If this is the way you will deal with me, then please do me the favor of killing me at once, so that I need no longer face this distress.”
Then the LORD said to Moses, “Assemble for me seventy of the elders of Israel, men you know for true elders and authorities among the people, and bring them to the meeting tent. When they are in place beside you,
I will come down and speak with you there. I will also take some of the spirit that is on you and will bestow it on them, that they may share the burden of the people with you. You will then not have to bear it by yourself.
“To the people, however, you shall say: Sanctify yourselves for tomorrow, when you shall have meat to eat. For in the hearing of the LORD you have cried, ‘Would that we had meat for food! Oh, how well off we were in Egypt!’ Therefore the LORD will give you meat for food,
and you will eat it, not for one day, or two days, or five, or ten, or twenty days,
but for a whole month-until it comes out of your very nostrils and becomes loathsome to you. For you have spurned the LORD who is in your midst, and in his presence you have wailed, ‘Why did we ever leave Egypt?'”
But Moses said, “The people around me include six hundred thousand soldiers; yet you say, ‘I will give them meat to eat for a whole month.’
Can enough sheep and cattle be slaughtered for them? If all the fish of the sea were caught for them, would they have enough?”
The LORD answered Moses, “Is this beyond the LORD’S reach? You shall see now whether or not what I have promised you takes place.”
So Moses went out and told the people what the LORD had said. Gathering seventy elders of the people, he had them stand around the tent.
3 The LORD then came down in the cloud and spoke to him. Taking some of the spirit that was on Moses, he bestowed it on the seventy elders; and as the spirit came to rest on them, they prophesied.
Now two men, one named Eldad and the other Medad, were not in the gathering but had been left in the camp. They too had been on the list, but had not gone out to the tent; yet the spirit came to rest on them also, and they prophesied in the camp.
So, when a young man quickly told Moses, “Eldad and Medad are prophesying in the camp,”
Joshua, son of Nun, who from his youth had been Moses’ aide, said, “Moses, my lord, stop them.”
But Moses answered him, “Are you jealous for my sake? Would that all the people of the LORD were prophets! Would that the LORD might bestow his spirit on them all!”
Then Moses retired to the camp, along with the elders of Israel.
4 There arose a wind sent by the LORD, that drove in quail from the sea and brought them down over the camp site at a height of two cubits from the ground for the distance of a day’s journey all around the camp.

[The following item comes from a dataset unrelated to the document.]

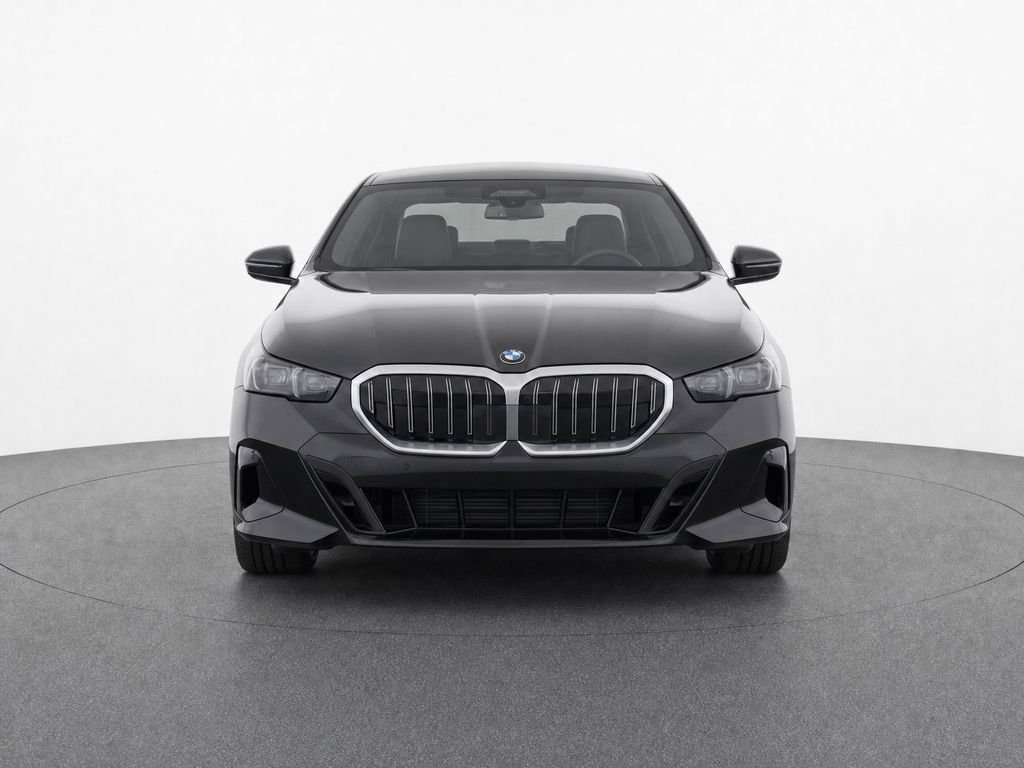 Certified Used 2024 Black Sapphire Metallic BMW 540i xDrive image 8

5 All that day, all night, and all the next day the people gathered in the quail. Even the one who got the least gathered ten homers of them. Then they spread them out all around the camp.
But while the meat was still between their teeth, before it could be consumed, the LORD’S wrath flared up against the people, and he struck them with a very great plague.
6 So that place was named Kibroth-hattaavah, because it was there that the greedy people were buried.
From Kibroth-hattaavah the people set out for Hazeroth.
1  Taberah means “the burning.”
3  They prophesied: in the sense, not of foretelling the future, but of speaking in enraptured enthusiasm. Such manifestations of mystic exaltation occurred in the early days of Hebrew prophecy (⇒ 1 Sam 10:10-12; ⇒ 19:20-22) and in the first years of the Church (⇒ Acts 2:6-11, ⇒ 17; ⇒ 19:6; 1 Cor 12-14).
4  At a height of two cubits from the ground: exhausted by the storm, the quail could take but short, low flights, so that they were easily captured. To give food to the hungry people, God may have used the natural phenomenon of the annual migration of quail across the Sinai Peninsula. In the spring large flocks of these birds cross the Gulf of Aqabah flying toward the west; in the fall they fly back eastward from the Mediterranean. The sea mentioned here probably refers to the former body of water.
5  They spread them out: to cure by drying.
6  Kibroth-hattaavah means “graves of greed.”